Margarita Correia e Lúcia San Payo de Lemos, em Inovação Lexical em Português (Lisboa, Edições Colibri/Associação de Professores de Português, 2005, págs. 30-32; mantenho a ortografia original) explicam que «[o prefixo] corresponde frequentemente a antigas preposições e advérbios latinos e gregos» e «tem um conteúdo semântico menos gramatical (e concomitantemente mais facilmente perceptível) do que o sufixo, levando por vezes a situações em que é difícil distinguir entre prefixos e elementos de composição». As autoras deixam ainda a seguinte advertência:
«[...] [O]s prefixos avaliativos colocam alguns problemas de classificação, dado que, na paráfrase composicional dos derivados, estes prefixos equivalem frequentemente a adjectivos e, nesses casos, apresentam um significado que pode considerar-se de natureza lexical, pelo que podem ser considerados elementos de composição.
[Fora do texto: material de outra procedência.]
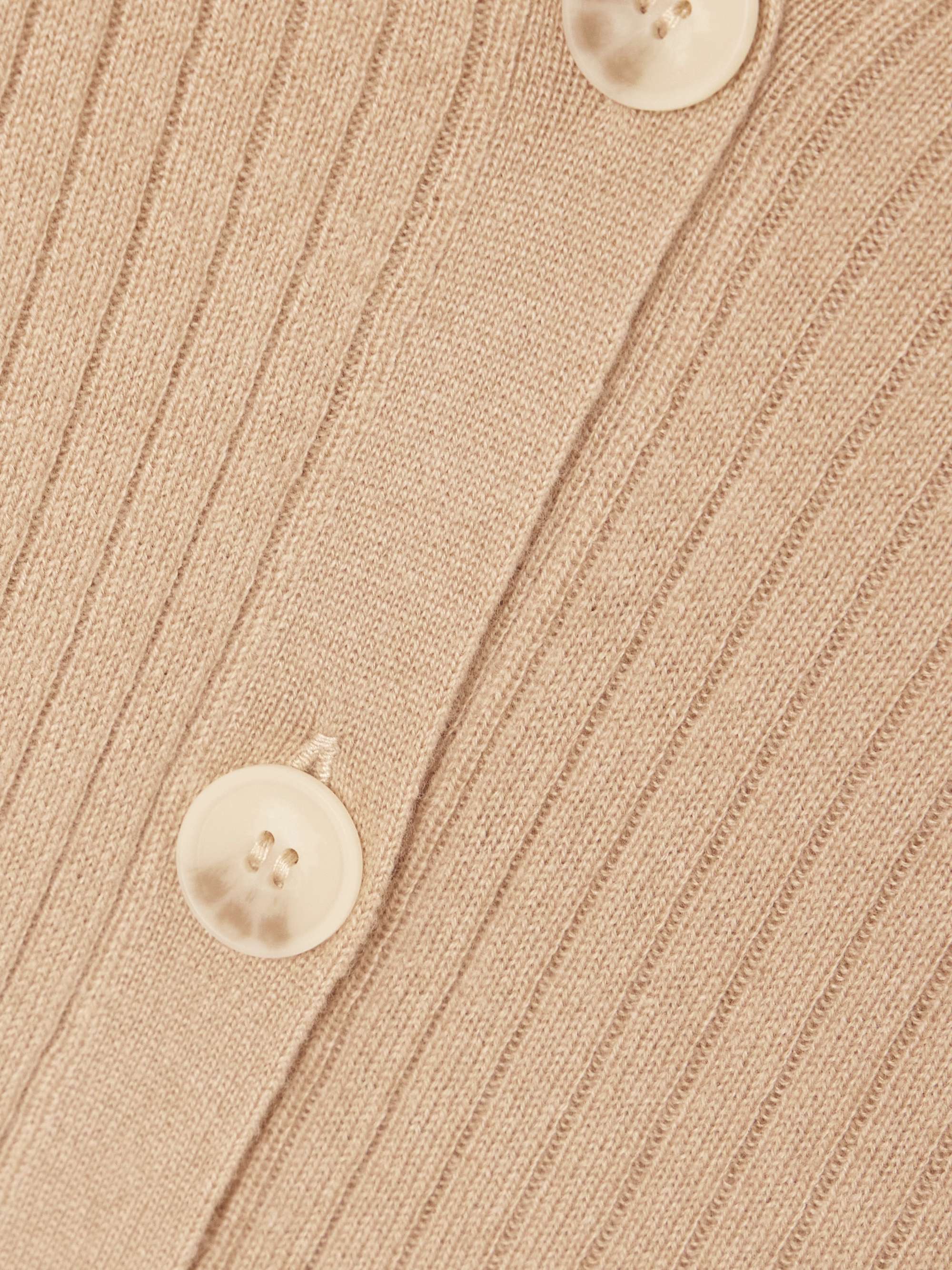 Oriane ribbed organic cashmere cardigan view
Atente-se na paráfrase composicional de megaconcerto [...] que é "grande concerto". As dificuldades em distinguir os dois processos de construção de palavras [explicam] que, em diversas gramáticas tradicionais, a prefixação fosse incluída nos processos composicionais.»
Também Alina Villalva, em Estruturas Morfológicas (Lisboa, Fundação Calouste Gulbenkian/Fundação para Ciência e Tecnologia, 1998, pág. 358), comenta o mesmo problema:
«Não é [...] surpreendente que, na tradição gramatical portuguesa, a prefixação tenha por vezes sido considerada como um tipo de composição [...]. A hipótese que coloco é a de que a prefixação, contrariamente à composição morfológica, não opera por intermédio de um elemento de ligação. No entanto, considerando que a prefixação e um tipo de composição morfológica são processos de modificação [...] pode admitir-se que se trata de fenómenos muito próximos, cuja fronteira facilmente se esbate, permitindo que alguns prefixos sejam interpretados como radicais, ou alguns radicais como prefixos.»
Uma tese de mestrado, da autoria de Pamela Alves Pereira, foca também esse problema:
«[...] as formações prefixais e as compostas são semelhantes e distinguir uma da outra não é uma tarefa fácil. Quando se analisam as formas mal, não e contra em exemplos como mal-amado, não-alinhado, contra-revolução e se considera a autonomia (no nível morfológico) desses elementos, chega-se a um resultado ambíguo, pois ora tais formas são analisadas como prefixos, ora são depreendidas como radicais membros de um composto.»
Os casos de retro- e auto- são ilustrativos desta ambiguidade. Celso Cunha e Lindley Cintra (Nova Gramática do Português Contemporâneo, Lisboa, Edições João Sá da Costa, 1984) classificam retro- quer como prefixo (pág. 88: retroceder, retrospetivo) quer como pseudoprefixo (pág. 115: retrocontagem, retrovisor), e auto-, como radical (pág. 113: autodidata, autógrafo) e como pseudoprefixo (pág. 114: autoestrada, autopeça). Deste modo, na falta de outro critério, parece-me que a diferença entre prefixos, radicais e pseudoprefixos continua a repousar sobre a história desses elementos. Ou melhor, é lícita a proposta descritiva que a consulente põe em questão: trata-se da própria descrição de Cunha e Cintra, que a análise linguística contemporânea ainda não parece ter refutado decisivamente.